It had abstractions but you were never forced to use them. Ditto with design patterns - you could use them, but none were forced, unless you _had_ to use a framework (like spring), but that's a choice! May be it wasn't your choice, but it was a choice someone made.

If you used java like you used C, java is much easier and less mentally demanding, and therefore less prone to mistakes.

1 comments

> Ditto with design patterns - you could use them, but none were forced, unless you _had_ to use a framework (like spring), but that's a choice! May be it wasn't your choice, but it was a choice someone made.

Every language has a koolaid aspect to it. Java drinks the OOP+design patterns koolaid, so it was standard to use it incessantly. Yeah in theory there is a choice, not really in practice though. I find the typical over abstracted, one line functions everywhere java codebase revolting.
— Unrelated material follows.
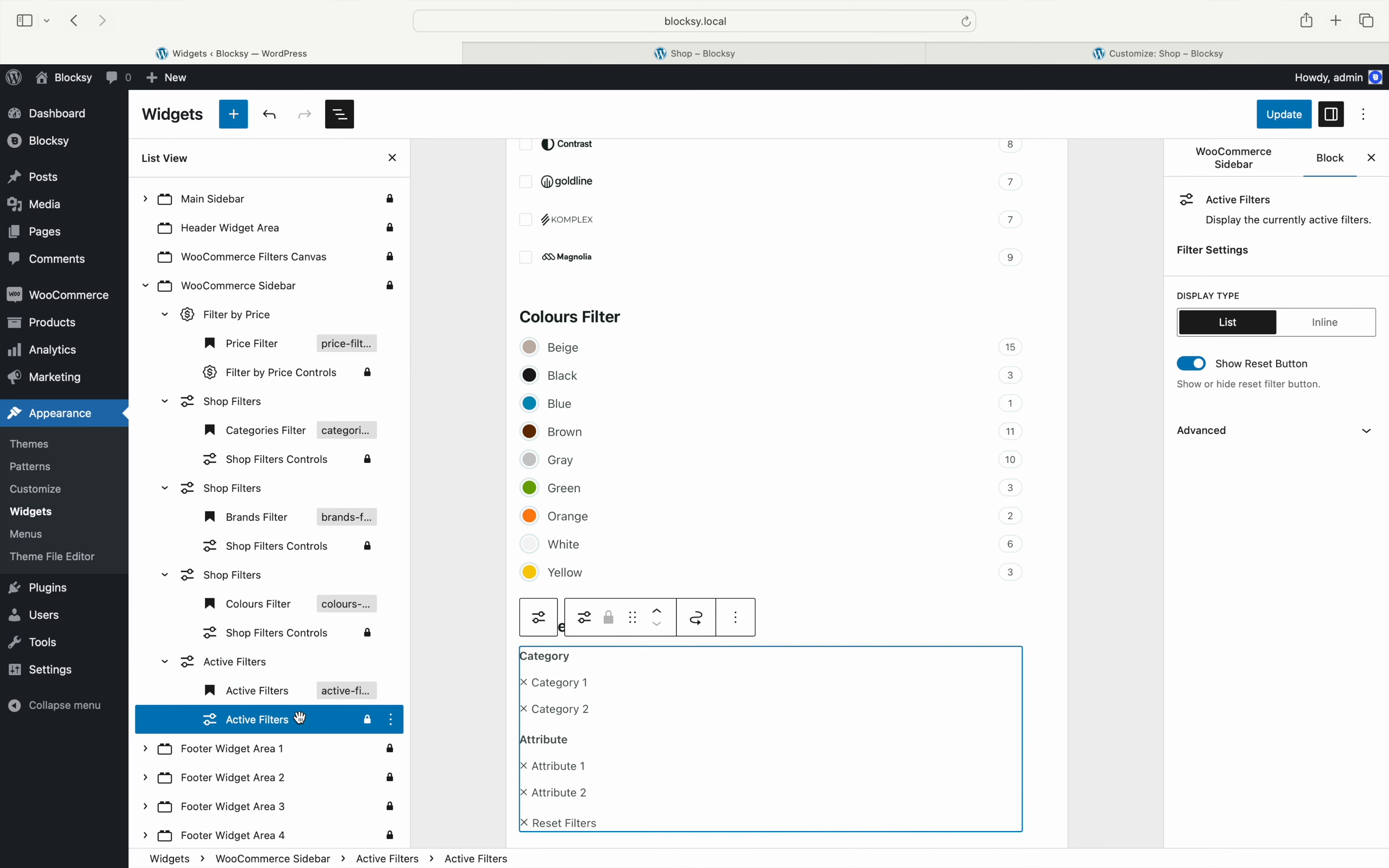And that is it! Absolutely awesome! A very simple but intuitive way to implement easy to use filters for your shop. Now all part of Blocksy Pro and no further than a few clicks away.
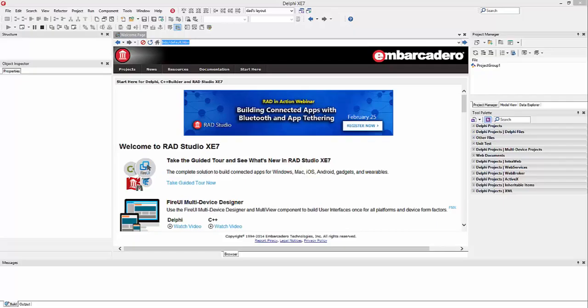Hello and welcome to Delphi App Dev. On this channel, I'm going to be showing you how to make Android apps. I found it really hard when I was first starting and I couldn't find any YouTube videos, so hopefully this channel is going to help.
> Yeah in theory there is a choice, not really in practice though. I find the typical over abstracted java codebase revolting.

It has gone extremely out of fashion to try to use abstractions over abstractions in Java the past 10-ish years. It used to be The Thing to do in the early 2000s, over time people got fed up with such obtuse way of programming, everything hidden under abstractions of abstractions, fucking nightmare.

Of course, there are still large remnants of this era, and folks who were trained in this still trying to apply the same bullshit design patterns to overcomplicate simple stuff, but in my experience it's been a pretty big shift away from that to more readable and simple code.

I still dread the years I worked in Java codebases with their factories of factories, registries of delegates, all the JEE bullshit, and extremely glad I haven't had to deal with this kind of stuff for at least the past 10 years or so...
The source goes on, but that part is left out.